Allein "Silent Agony" ist ein kleiner Ausfall im sonst so makellosen Album-Gefüge, da es irgendwie keine besonders bemerkenswerten Stellen hat. Nicht sehr eingängig, nicht sehr interessant – unnötig.
Ganz anders der abschließende Song "Cold Distance of the Universe", der mit 11 Minuten ein Epos für sich darstellt. Auch hier beschwört das Stück diverse Atmosphären herauf, was mich ein wenig an "Preach with an Iron Tongue" von CRYSTALLION erinnert (ja, der Vergleich musste her).

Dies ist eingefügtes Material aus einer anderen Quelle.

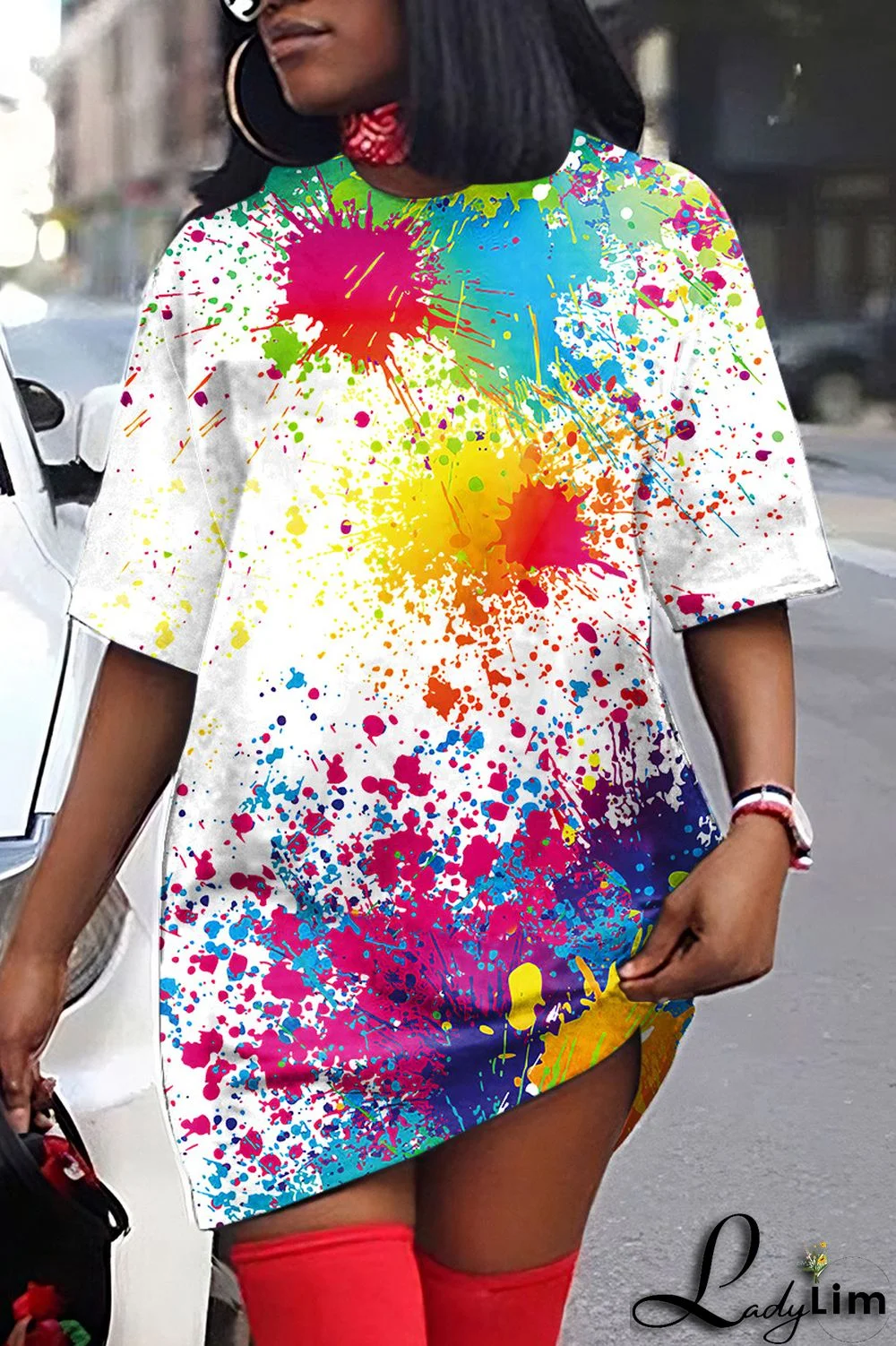 Yellow Casual Print Basic O Neck T-shirt Dress Short Sleeve Dress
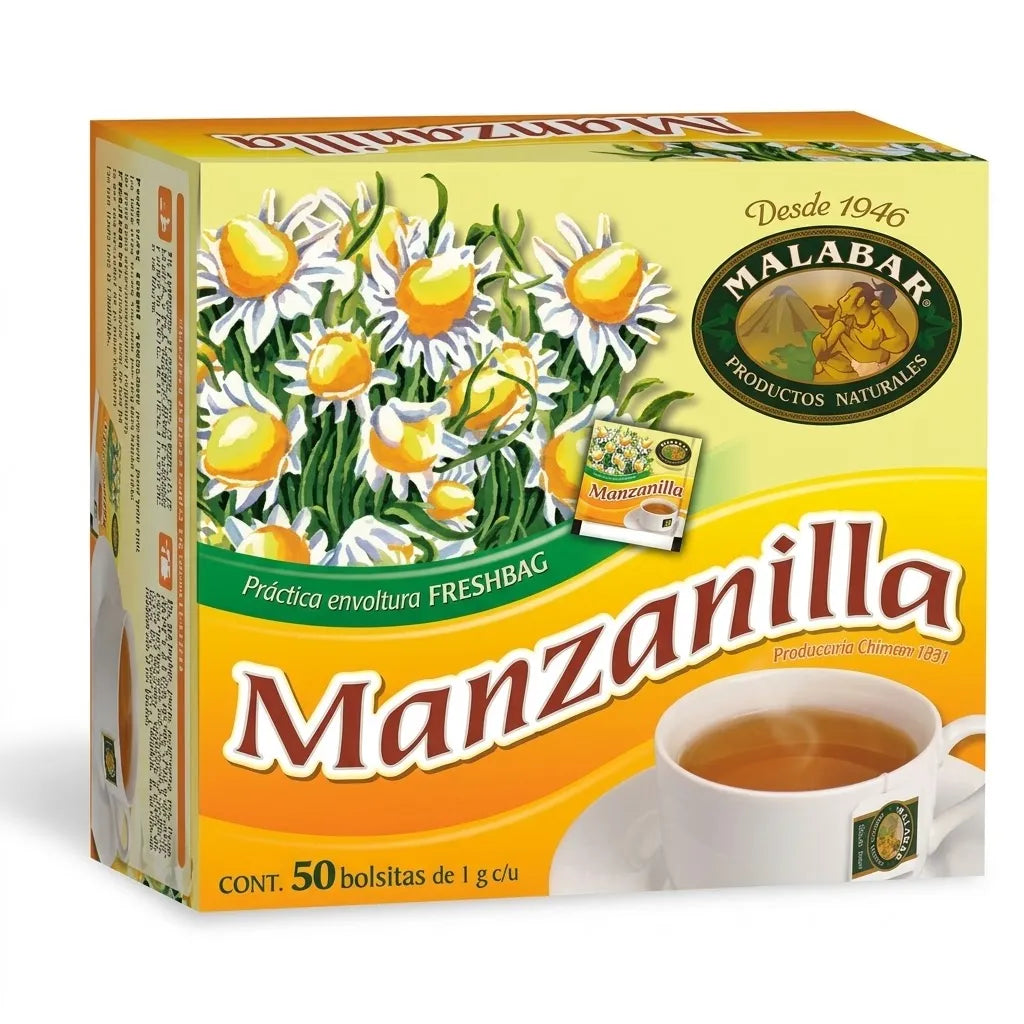 GREENSIDE MALABAR | Té de Manzanilla Natural | Caja con 50 Bolsitas de 1 g | Infusión Herbal para el Bienestar Digestivo y la Relajación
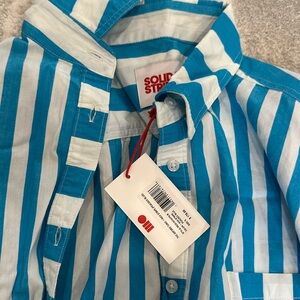 Solid and striped button down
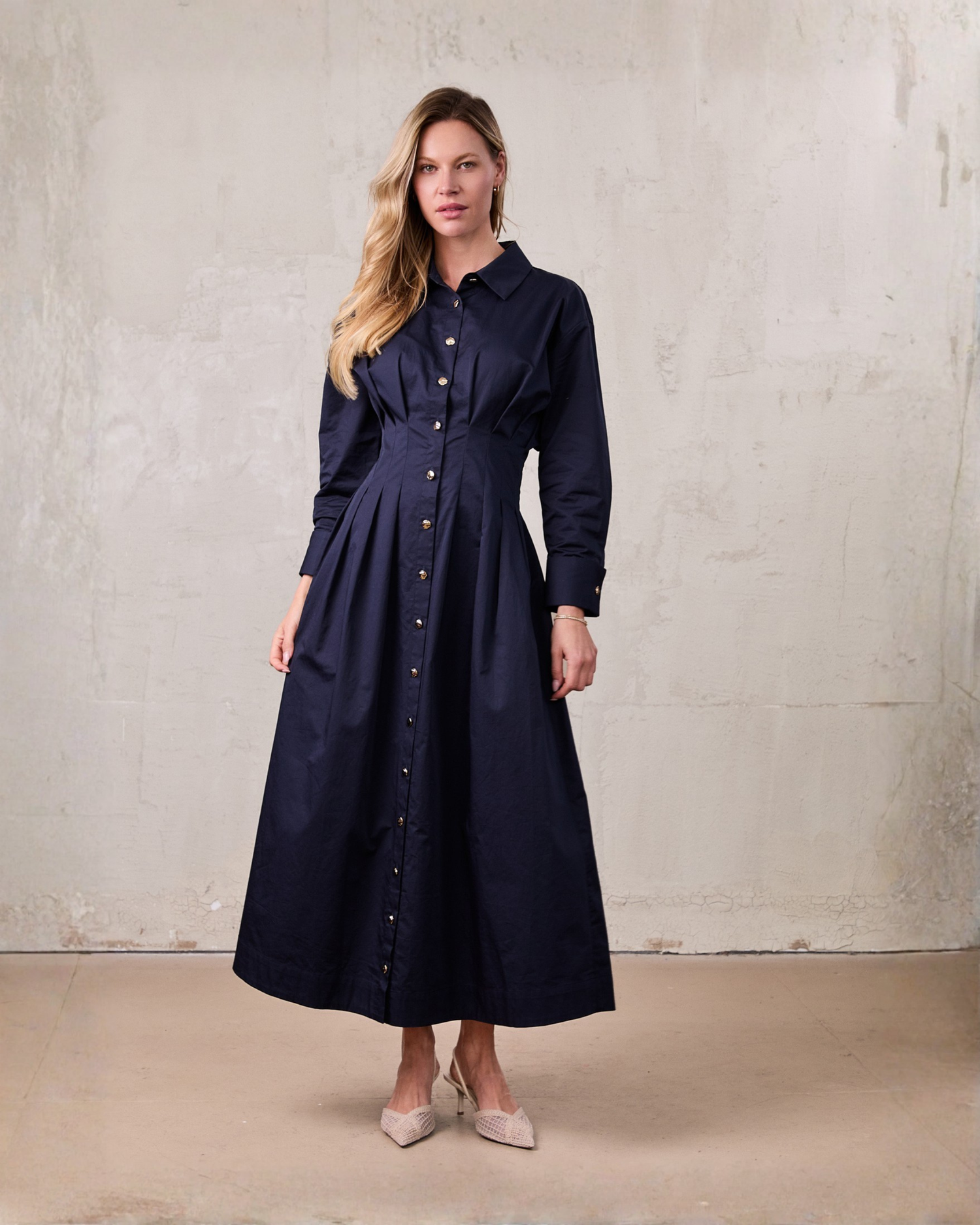 Pleat Waist Button Down Dress-Navy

Das Stück ist wirklich eine Meisterleistung und das eindeutige Highlight des Albums, das effizient noch einmal alle Trademarks von JUVALIANT aufgreift und verbindet. Hier gibt es eingängige Melodien, komplexe Strukturen, und Parts, die sogar beides miteinander verbinden. Wirklich ein klasse Abschluss.
Insgesamt wurde hier jetzt eine knappe Stunde feinster Prog/Power Metal dargeboten, der sich sicher nicht vor den Vorbildern verstecken braucht. Einen Vergleich braucht niemand zu fürchten, besonders da das sicher sehr schwer wäre, da die Band sehr viele verschiedene Stile in die Musik einbringt. JUVALIANT sind 2010 sicher eine der besten und innovativsten Bands, die man im Metal-Sektor findet. Grandioses Album!